Aunque eliminen pobres físicamente, otros tantos aparecerán si el sistema consiste en la producción de estos. Y si del resentimiento se trata, ningún futuro promisorio puede esperarse si quienes lo producen, no echan mano a la humildad en vez de pensar en tanta violencia represiva para paliar lo que ellos mismos generan por su propia naturaleza. En síntesis, el problema no es la pobreza, sino la riqueza.

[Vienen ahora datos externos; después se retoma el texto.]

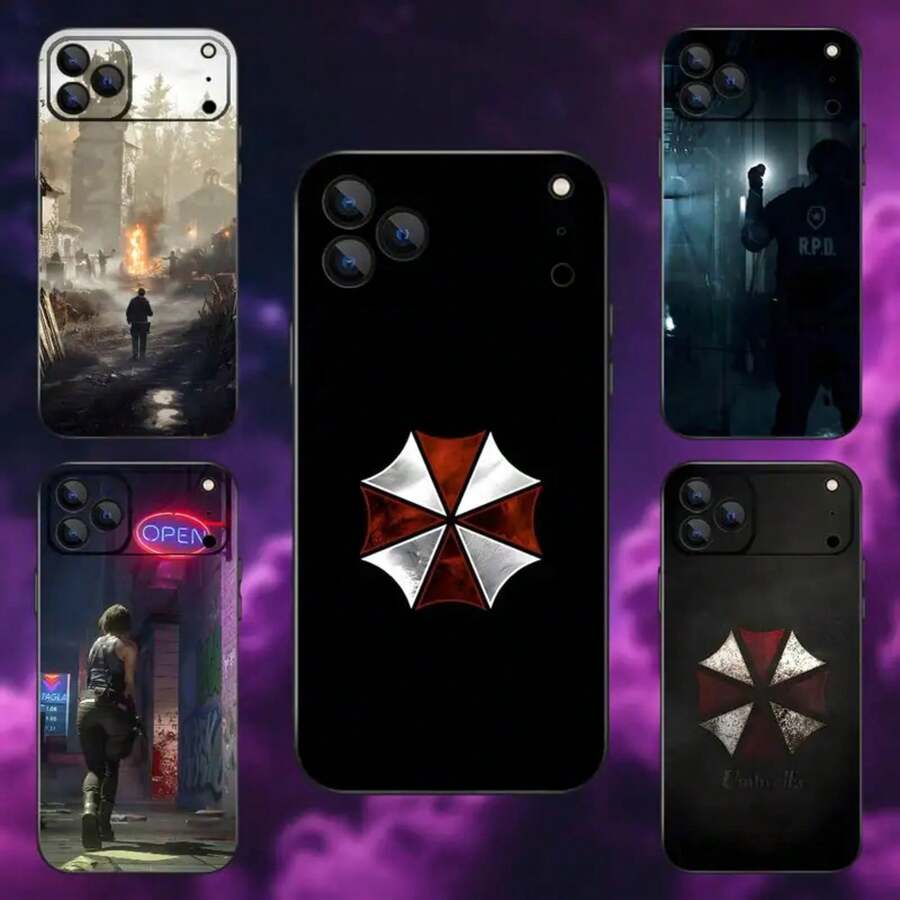 Custodia per telefono compatibile con videogioco , adatta per modelli 17, 16, 15, 14, 13, 12, Pro, Max, Plus, E, SE4, Air, Mini, in morbida scatola nera, compatibile con custodia per modelli 17, 17 Pro, 17 Pro Max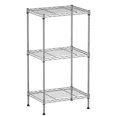 Land Guard HeightAdjustable Chrome Storage Racks and Shelving, 3Tier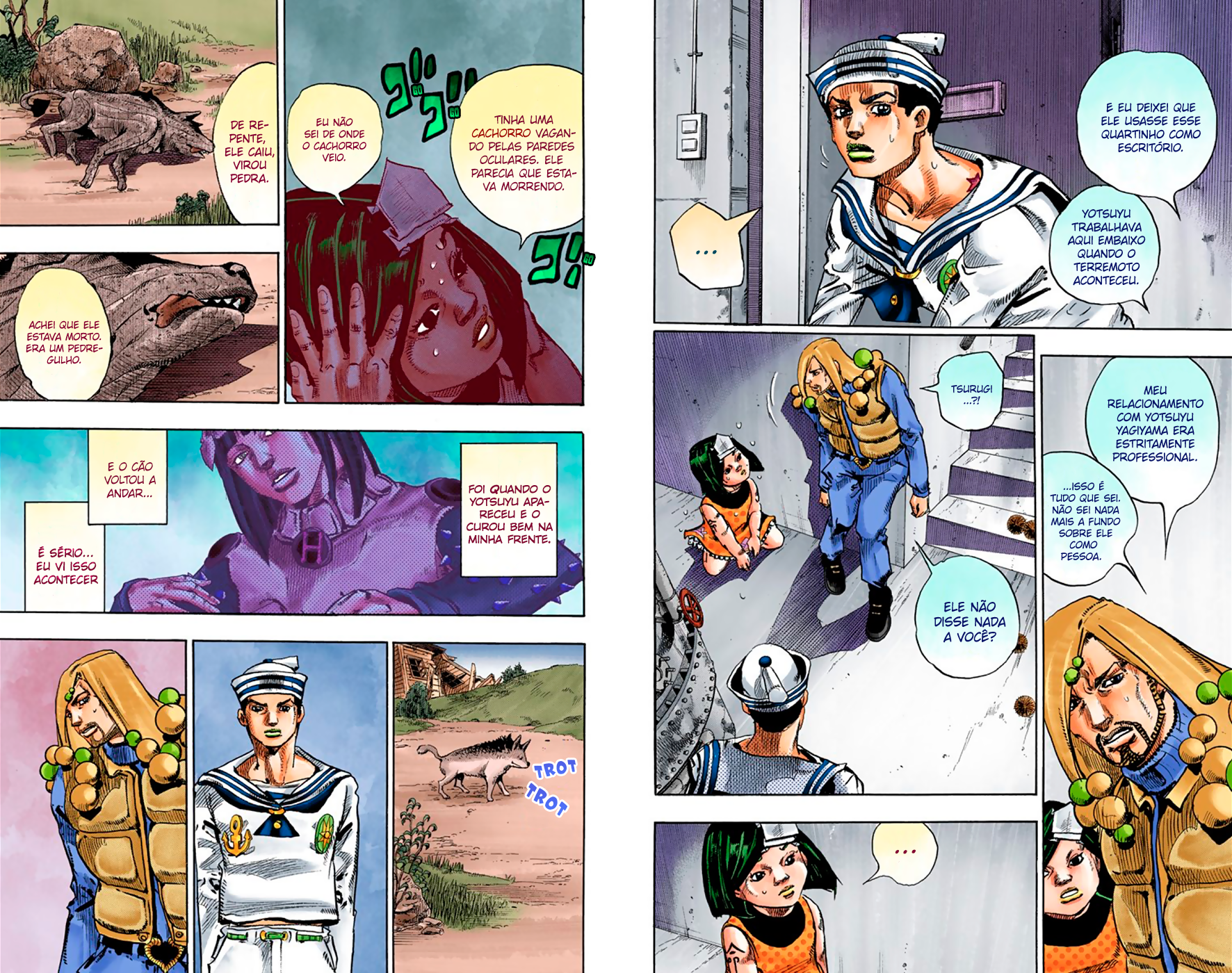JoJo's Bizarre Adventure, Part 8: JoJolion - Digital Colored Comics Capítulo 30 Página 8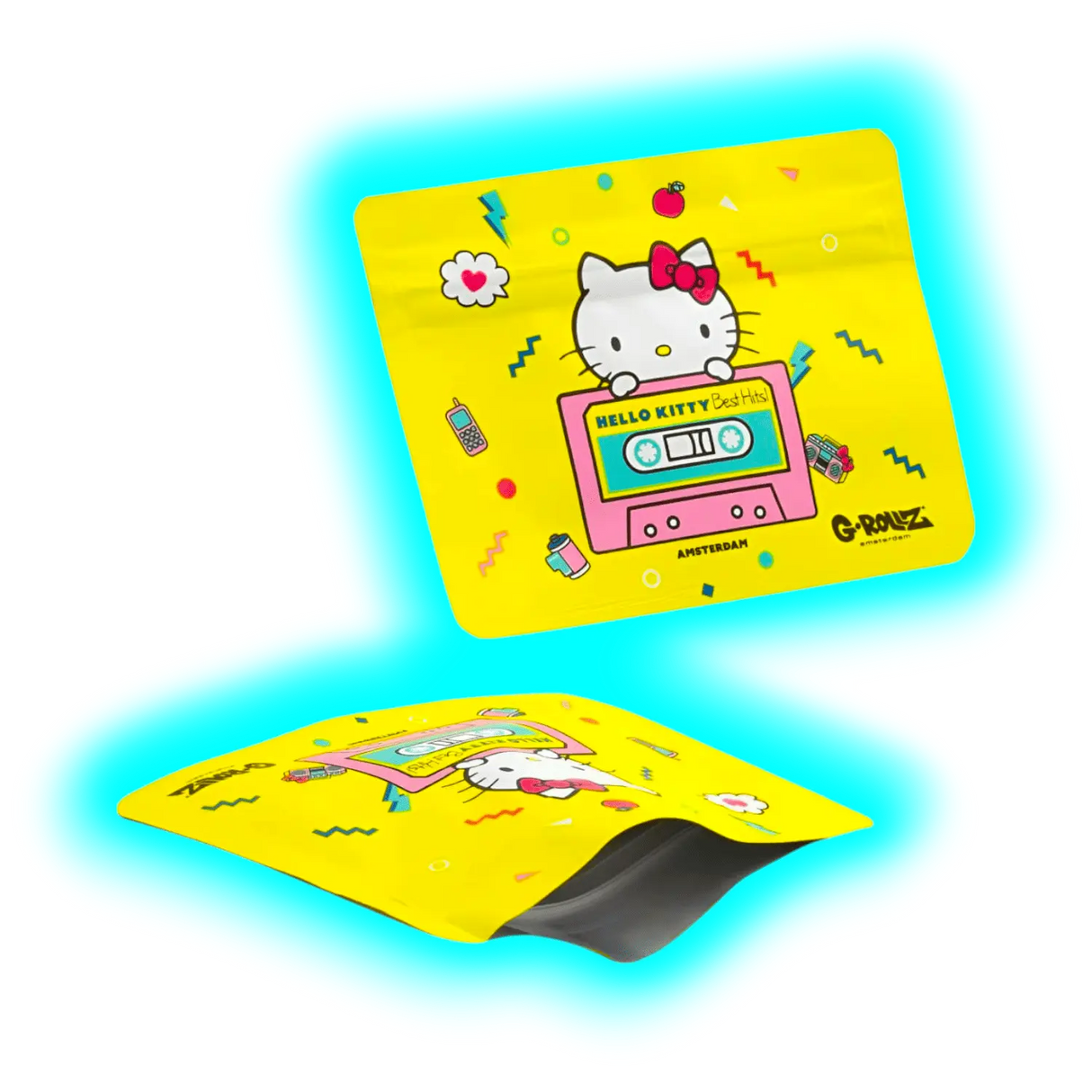 G-Rollz Hello Kitty Best Hits Smellproof Bags 105 x 80mm 8pcs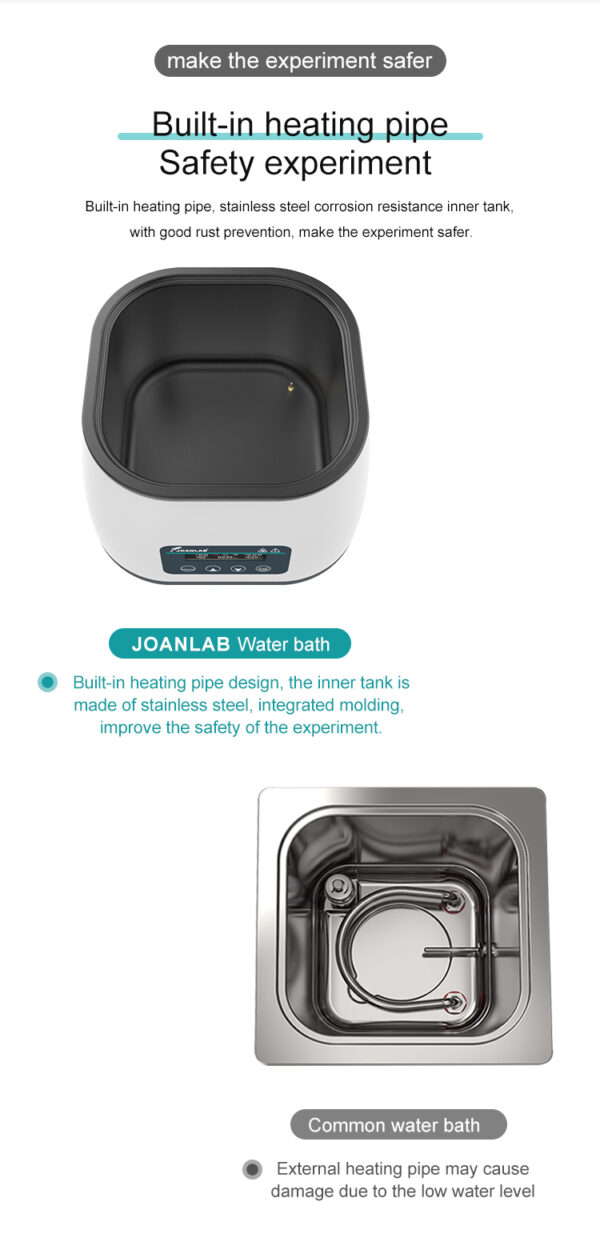 Baño termostático con agitación con velocidad regulable WBS-6PRO - Imagen 5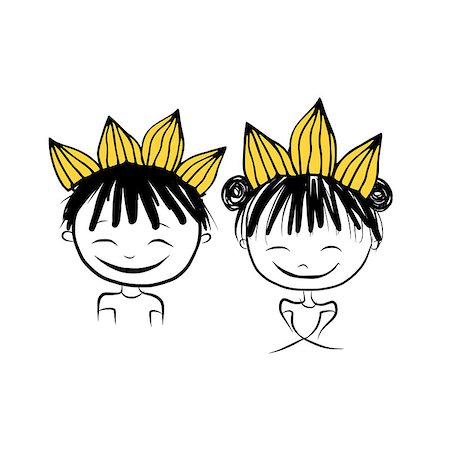 Prince and princess with crown on head for your design, vector illustration Stock Photo - Budget Royalty-Free & Subscription, Code: 400-08613689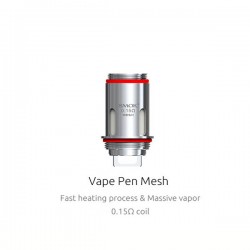 Résistances Mesh 0.15ohm pour Vape Pen par 5 - Smoktech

La solución no radica en atacar a los humildes, sino en bajarle el copete a los fanfarrones embriagados de bienestar económico. No ingresar a las villas para encontrar delincuentes, sino ingresar a la AFIP para descubrir ingresos de dinero ilícitos más importantes que las obtenidas en un arrebato callejero. No detenerse tanto en el episodio del robo de un automóvil, cómo en la comercialización de las autopartes, efectuadas en lugares bien visibles y consumidos por consciente clientela que no le importa el origen sangriento de lo que pagan más barato. No horrorizarse tanto con el patotero, tan difícil de buscar en la multitud, sino con el jefe de la patota, tan fácil de descubrir en las jefaturas de sindicatos.
Estas no son más que sugerencias no taxativas, pero ejemplificativas para pensar en los verdaderos culpables de tanta violencia y encontrar soluciones, no tan ligeras como las que suponen el grito vacío de SE-GU-RI-DAD, pero más duraderas y éticas como edificar una sociedad justa, libre y soberana. Consolidada esta sana realidad, la consecuencia será esa seguridad a la que todos anhelan pero que no todos merecen.
Dr. Hernán Jaureguiber; Bernardo Alberte (h).